How we cite our quotes: (Book.Line)
Quote #4
(Kalypso:) ‘[…] but if you only knew in your own heart how many hardships you were fated to undergo before getting back to your country, you would stay here with me and be the lord of this household and be an immortal […].’ (5.206-209)
Kalypso has a point – Odysseus intentionally chooses suffering. In this, he parallels Achilleus, the hero of The Iliad, who faces a choice between a long life back home and a short, glorious life fighting at Troy—and chooses Option II. And yet, Odysseus’s suffering is for the sake of getting back home—exactly what Achilleus rejects.
Quote #5
(Odysseus:) "what I want and all my days I pine for is to go back to my house and see my day of homecoming. And if some god batters me far out on the wine-blue water, I will endure it, keeping a stubborn spirit inside me, for already I have suffered much and done much hard work on the waves and in the fighting. So let this adventure follow." (5.219-224)
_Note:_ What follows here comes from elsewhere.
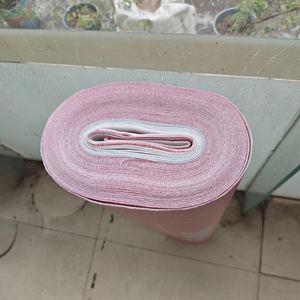 حصيرة أرضية خفيفة الوزن مضادة للانزلاق من مادة OPP المنسوجة لحماية مواقع البناء من مصنع جرين بروتكت في فوشان - Product Image 2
"I will endure it, keeping a stubborn spirit inside me" isn't exactly motivational-poster-worthy, but Odysseus' attitude is still pretty inspiring. He's determined to get home, and he'll endure anything to make it happen. (Lucky for him, Poseidon is definitely willing to make "anything" happen.)
Quote #6
(Odysseus:) ‘Ah me unhappy, what in the long outcome will befall me? I fear the goddess might have spoken the truth in all ways when she said that on the sea and before I came to my country I would go through hardships; now all this is being accomplished, such clouds are these, with which Zeus is cramming the wide sky and has staggered the sea, and stormblasts of winds from every direction are crowding in. My sheer destruction is certain.’ (5.299-305)
Odysseus despairs at the first storm sent his way by Poseidon after he leaves Kalypso’s island. So much for taking suffering in stride.